There’s another theme in the book that struck me powerfully—that is the desire for purity, and its relationship to martyrdom. I’m sure that some people will label this an “anorexia book” because of the centrality of self-starvation to the plot, but Pearl is not concerned with being fat—her anorexia, if that is what it is, hardly falls into our popular understanding of this disease, though perhaps it should, I don’t know. She starves herself in emulation of Irish prisoners of the British who went on hunger strikes, and then to pursue a sense of lightness that eliminates the dirt of humanity. Purity. In flashbacks, we learn about Pearl’s father, a Cambodian doctor who came to the United States to tell the stories of the Khmer Rouge, but ultimately returned to Southeast Asia and disappeared. He is concerned with purity, as well, but in his case it’s a well-informed fear of the whole concept: “…it is a dangerous idea. I am a scientist, and I know that nothing alive is pure. To be pure is to be impervious to change, to mixture. Change and mixture is our lot, our lot as living things.” And, “It seems greatly desirable to be only one thing. To be, to do one thing fully, with no contradictions. To be a closed circle, impenetrable, impermeable. This, I believe, makes people feel safe.”
We see Pearl as a closed circle, when starvation has whittled her down to nothing but certainty and the conviction that her own actions are right and justified.

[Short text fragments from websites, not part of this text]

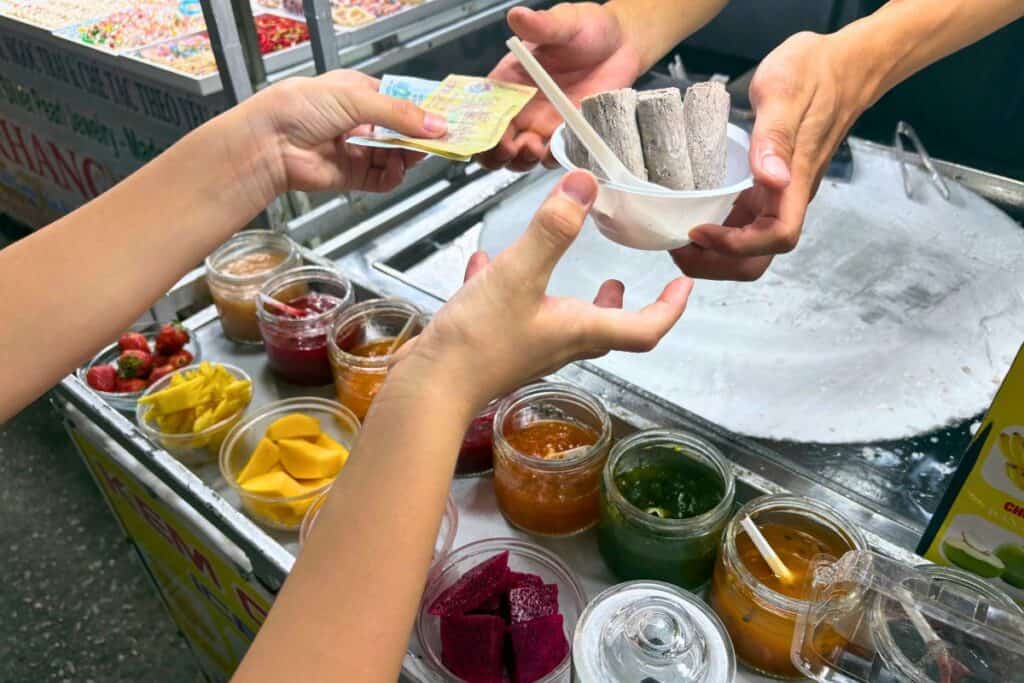 Hands exchanging money and rolled ice cream at Phu Quoc's Night Market.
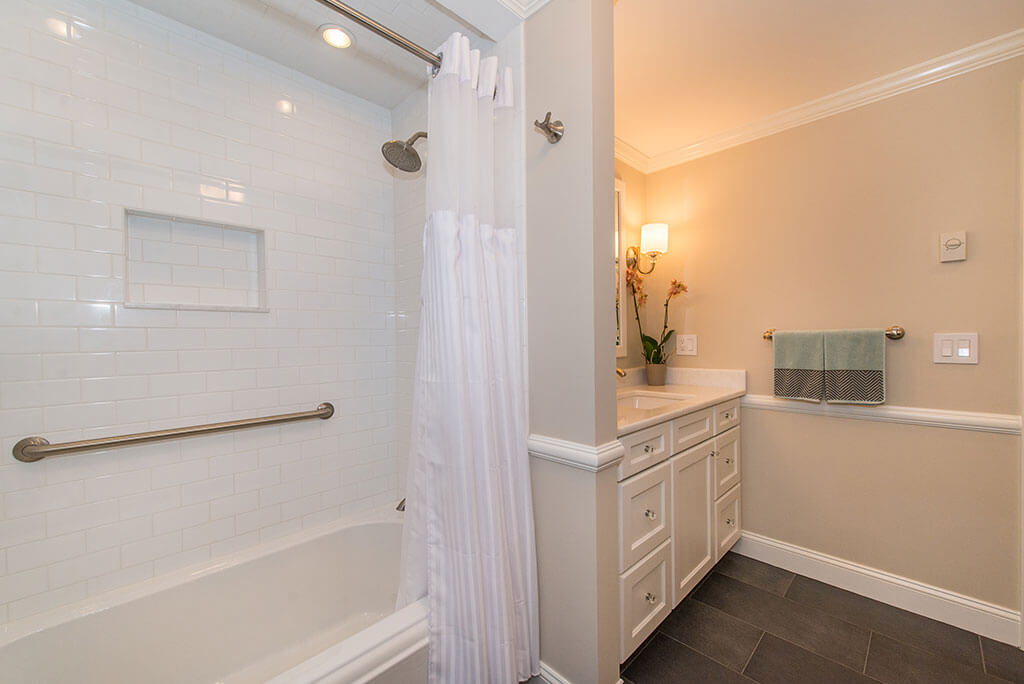 Hall bathroom remodel with white vanity, shower with subway tile, grab bar, niche, shower curtain and tub, with crown molding in Boonton, NJ renovated by JMC Home Improvement Specialists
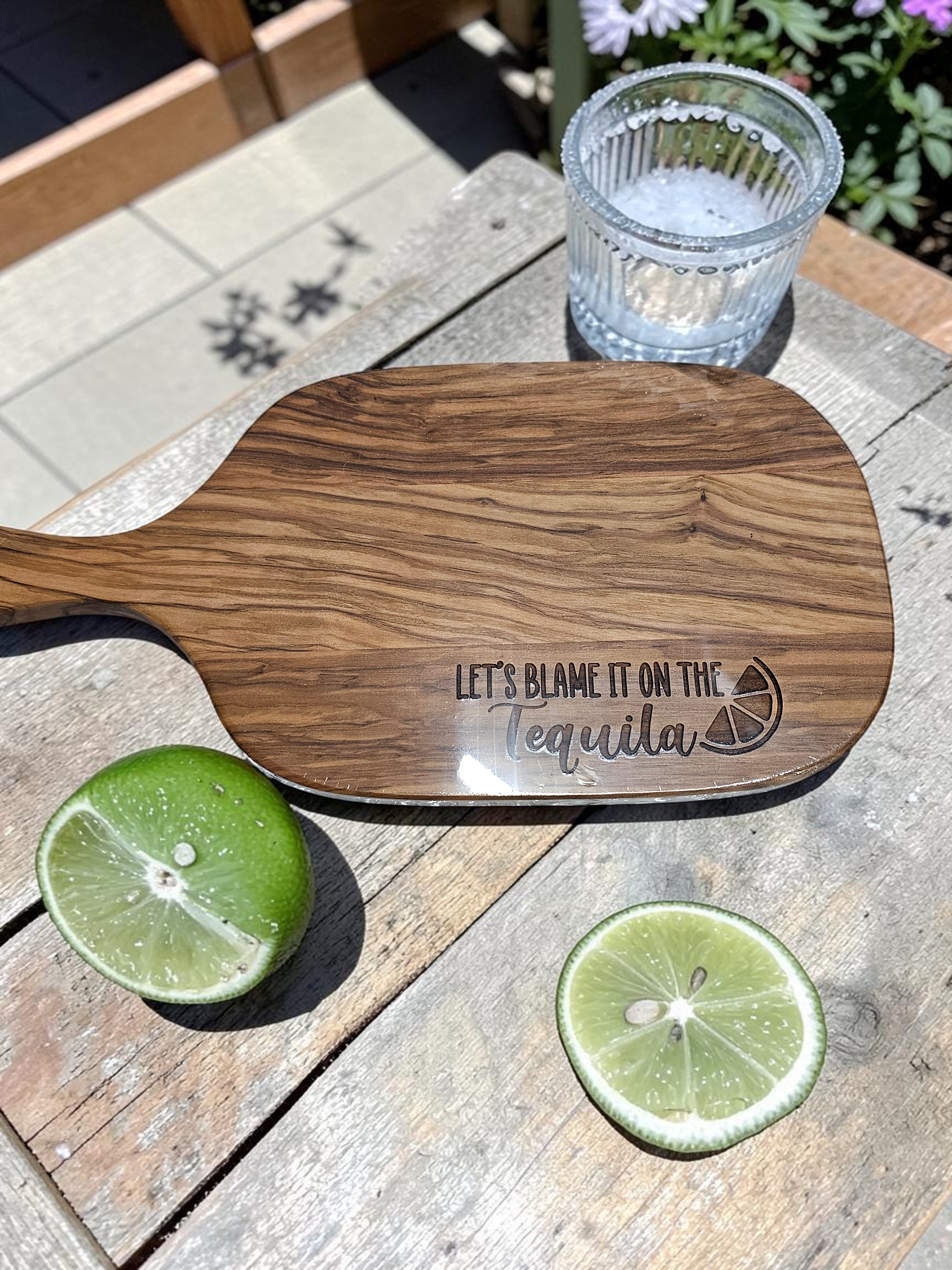 Wooden paddle with 'Let's Blame It on the Tequila' engraving on a wooden surface with limes and a glass.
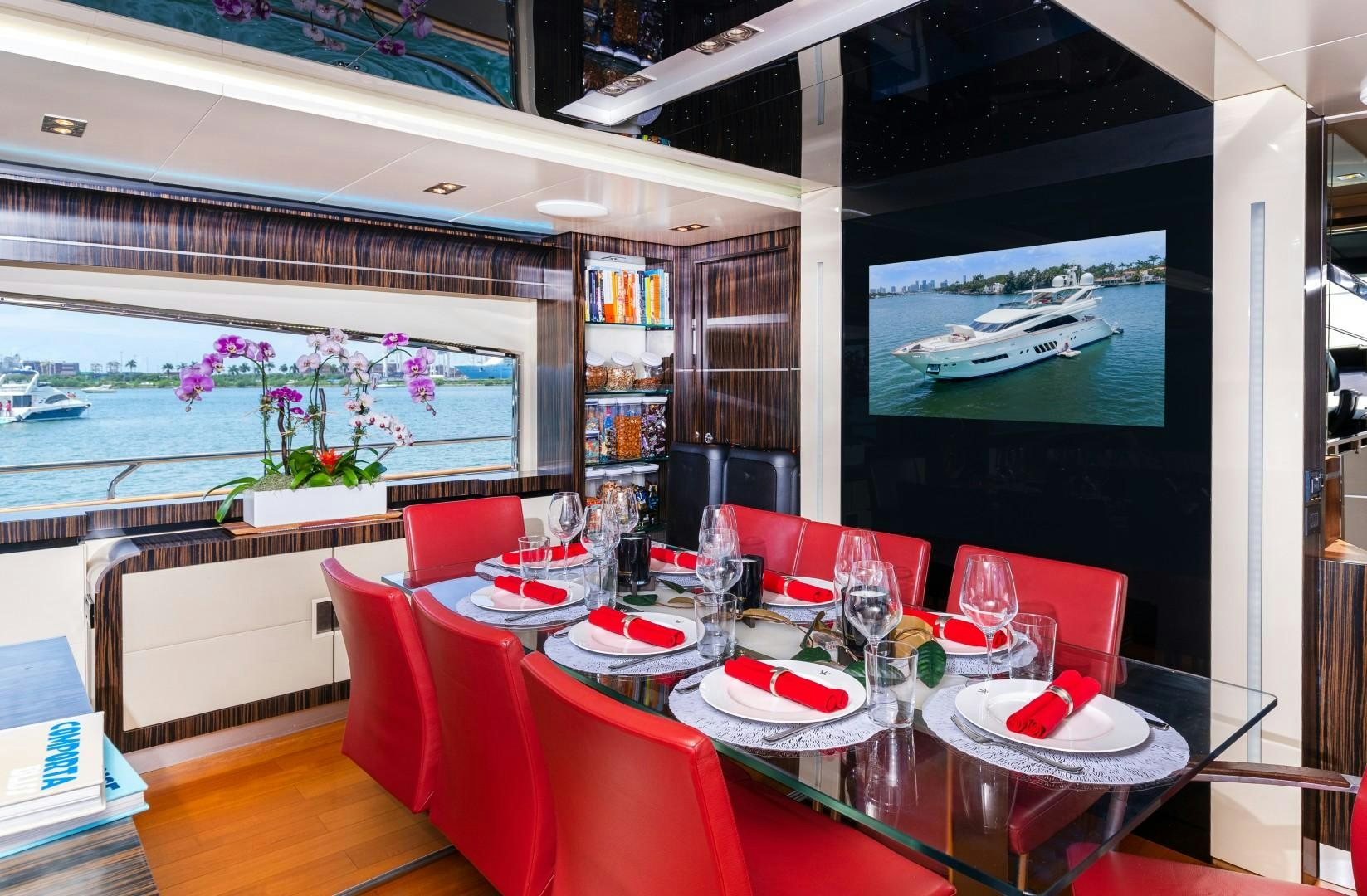a dining room with red tables and chairs aboard CASUAL Yacht for Sale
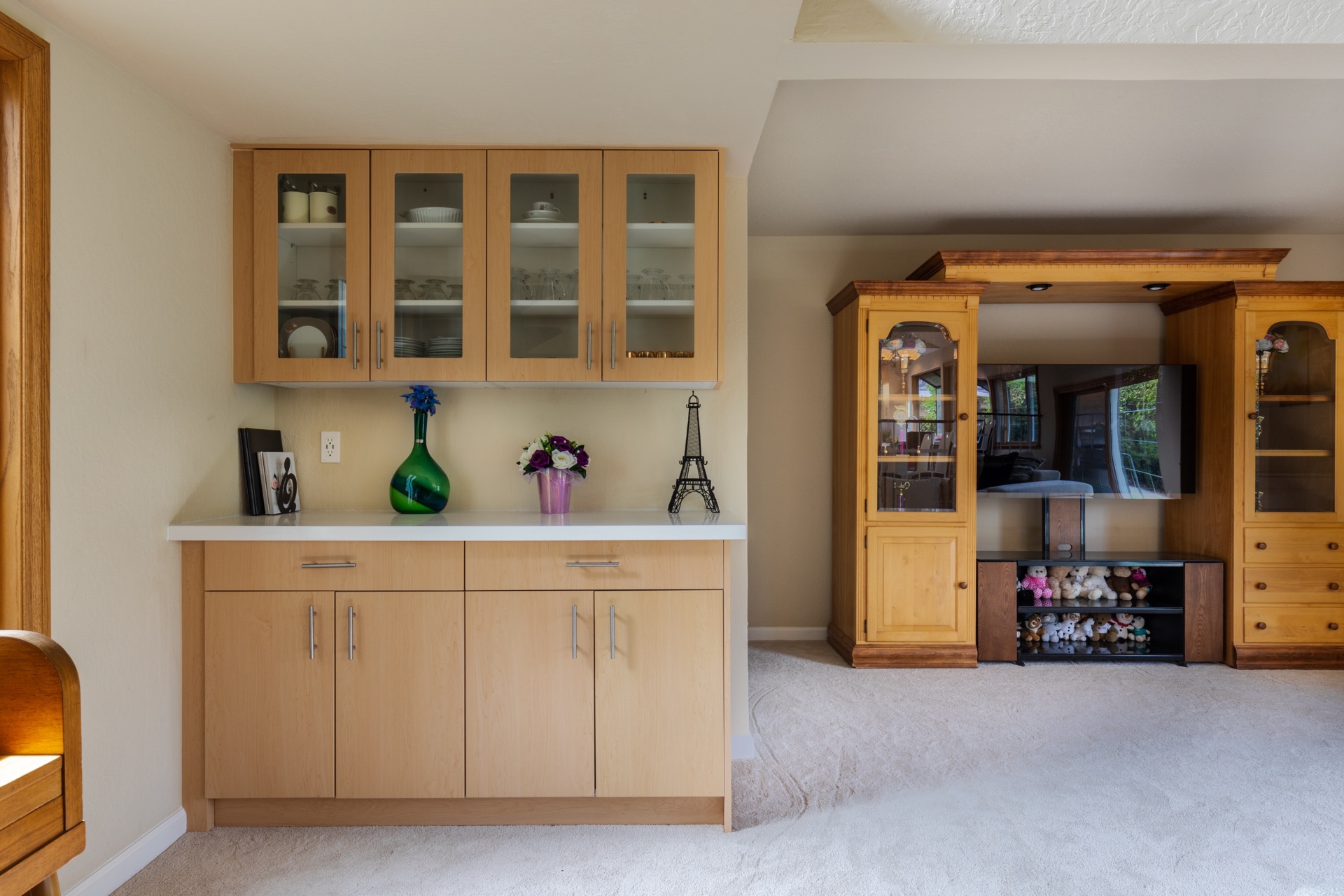 Built-in dining sideboard with glass-front display cabinets and adjacent living area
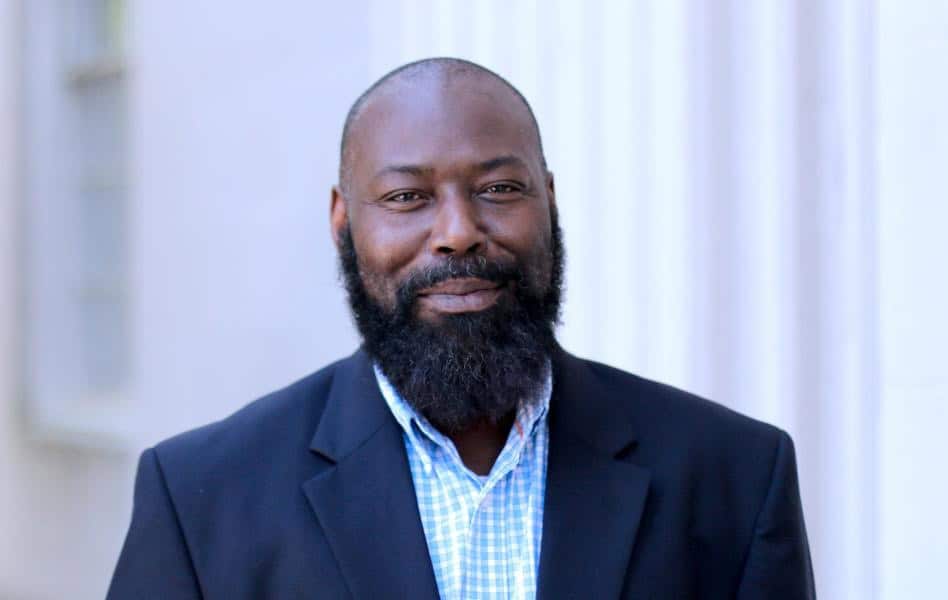 Head shot of Black man Randall Kenan with a vee shaped beard, smiling, in a navy jacket and light blue check shirt.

Then, as she is force-fed through tubes, she gains back her capacity for hunger, and the messiness of being human shatters her purity. She loses the conviction that death is the right choice for her. She is devastated at her loss of certainty. It’s one of the most resonant and chilling things I’ve encountered in fiction for a long time. In eliminating all of her own doubt, she forged a connection to the people she feared, people so secure in their own convictions that they had no understanding of what it means to take life.
Gordon doesn’t try to resolve any of this in a neat package, which is part of what makes this novel great. I’m no literary critic, but I’d say great in the weighty sense. This is one of the best modern novels I’ve ever read. I’ve passed the stage where it’s fun to have a birthday, but one of the rewards of getting older is that I can read something like this and think, Yes, I understand this. I know what she’s talking about.